Parsing Multiline Logs
Overview
By default when you use the filelog receiver each newline in the log line creates a new log line.
This doc goes through different ways to solve this problem where you can parse/recombine multiline logs.
Sample Multiline Logs
Here is an example of multiline logs
2024-20-06 18:58:05,898 ERROR:Exception on main handler
Traceback (most recent call last):
File "python-logger.py", line 9, in make_log
return area[10]
IndexError: string index out of range
2024-20-06 18:58:05,898 DEBUG:Query Started
In the above example there there are two log lines spread over multiple line, but since by default each newline is treated as end of log line, multiple log lines will be created as seen in the image below.
There are two ways you can combine these logs
- Parse the logs lines as multiline at the receiver itself.
- Recombine the multiline logs later at processor level
Parse Multiline Logs at Receiver
Since we are using the filelog receiver.

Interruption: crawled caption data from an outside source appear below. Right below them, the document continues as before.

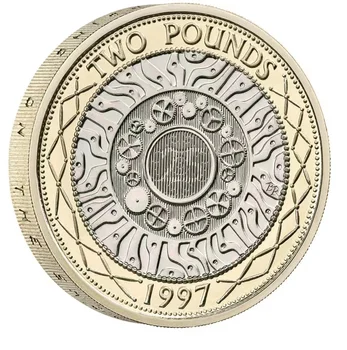 Монети Великобритания с тегло 2 кг 2022 е на 25-Годишнината от 2 кг Биметаллическая Възпоменателна монета Официален корици за пощенски картички е 100% Оригинален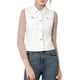thumbnail image 5 of CHALECO SIN MANGAS DE DENIM LAVADO PARA MUJERES INSPIRE CHIC CON BOTONES Y BOLSILLOS BLANCO 2XL, 5 of 7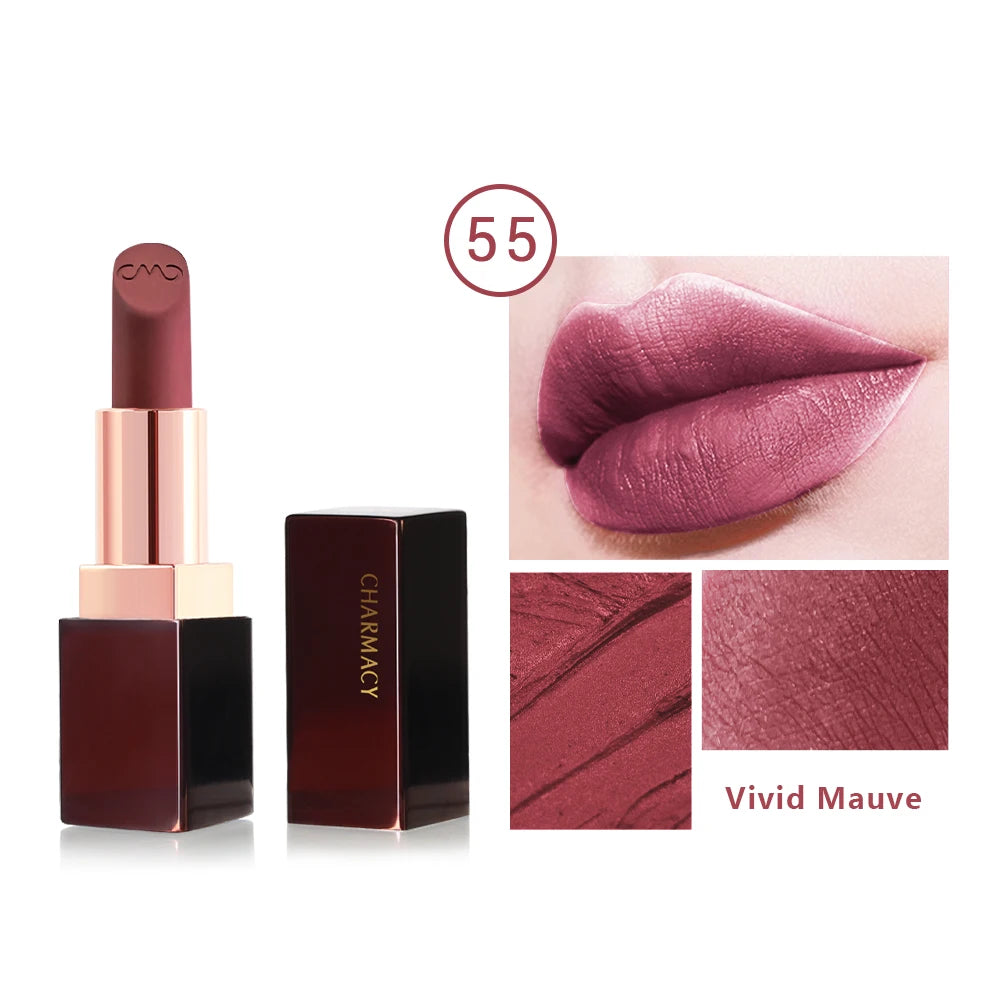 CHARMACY Matte Lipstick – Long-lasting, Waterproof, Velvet Finish, Non-stick Cup - Lylamor.com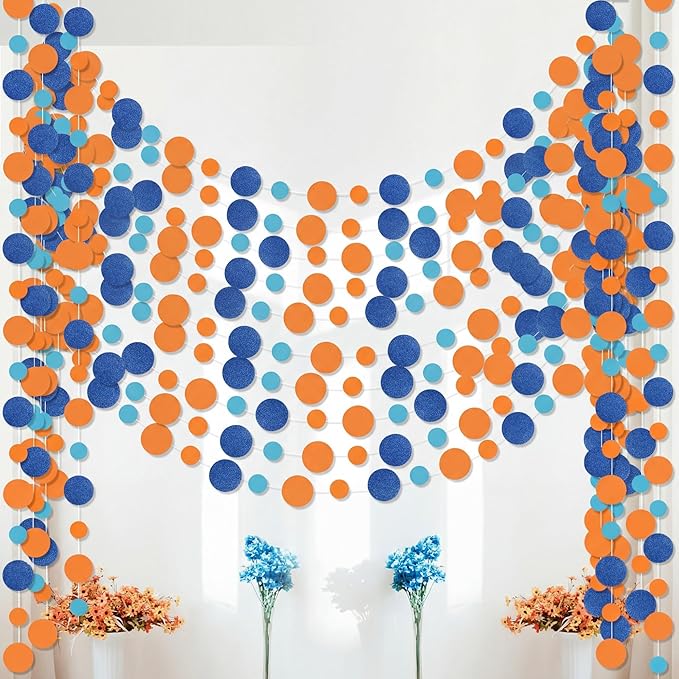 Outus 10 Pieces Orange,Blue Round Dots Garland Graduation Party Hanging Decor Each Length 13.1ft Glitter Paper Dot Streamers for Birthday Wedding Classroom Supplies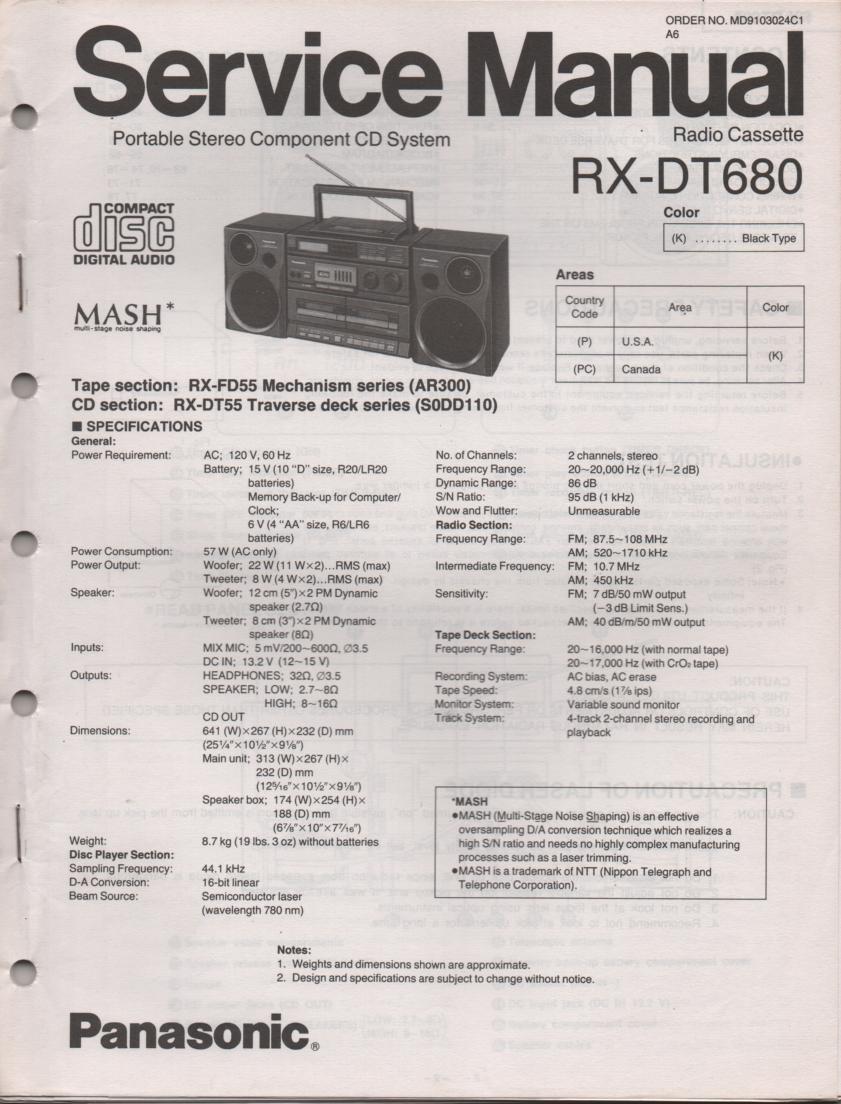 RX-DT680 AM FM CD Player Cassette Recorder Technical Service Manual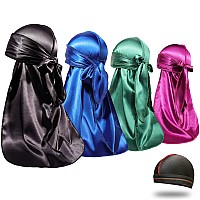 4PCS Silky Durags for Men Women 360 Waves with 1 Wave Cap, Silky Satin Durag Extra Long Tails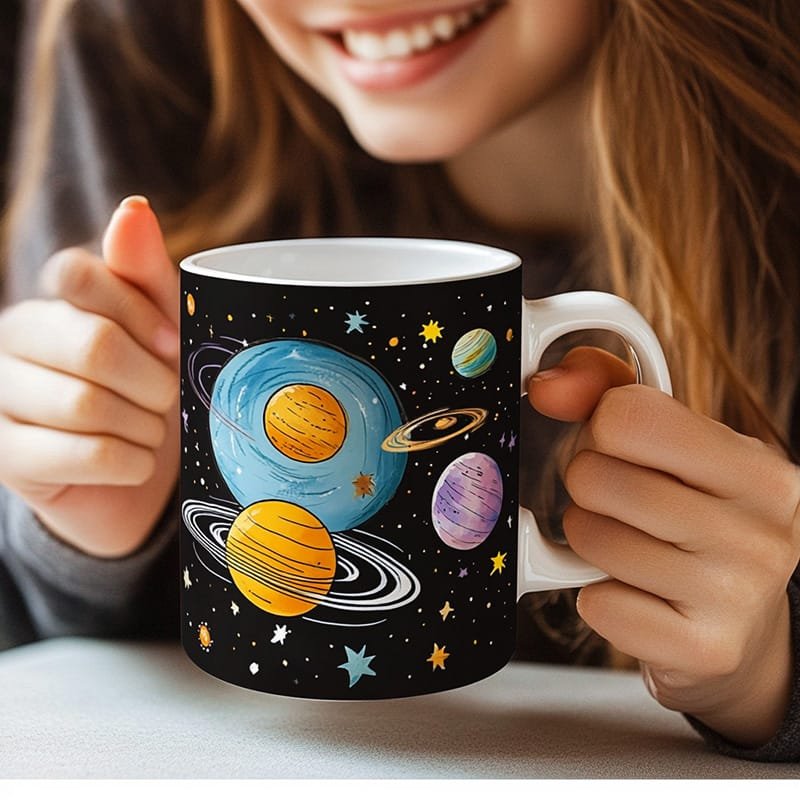 A person holds a mug with colorful illustrations of planets and stars.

It has a multiline configuration option.
In order to parse these type of logs we will have to identify a start or end pattern.
Let's understand with example
2024-20-06 18:58:05,898 ERROR:Exception on main handler
Traceback (most recent call last):
File "python-logger.py", line 9, in make_log
return area[10]
IndexError: string index out of range
2024-20-06 18:58:05,898 DEBUG:Query Started
For the above log lines we can see that the new log line starts with Date
, so our line_start_pattern
will be
line_start_pattern: ^\d{4}-\d{2}-\d{2}
Once you have your line_start_pattern
or line_end_pattern
this is how you configuration of filelog receiver will look like
receivers:
filelog:
include:
- /var/log/example/multiline.log
multiline:
line_start_pattern: ^\d{4}-\d{2}-\d{2}
Once it is deployed correctly this is how your log lines will look
Use Recombine Operator to Combine Multiline Logs
In case the above configuration is not feasible for you, you can use the recombine operator to join back the multiline logs.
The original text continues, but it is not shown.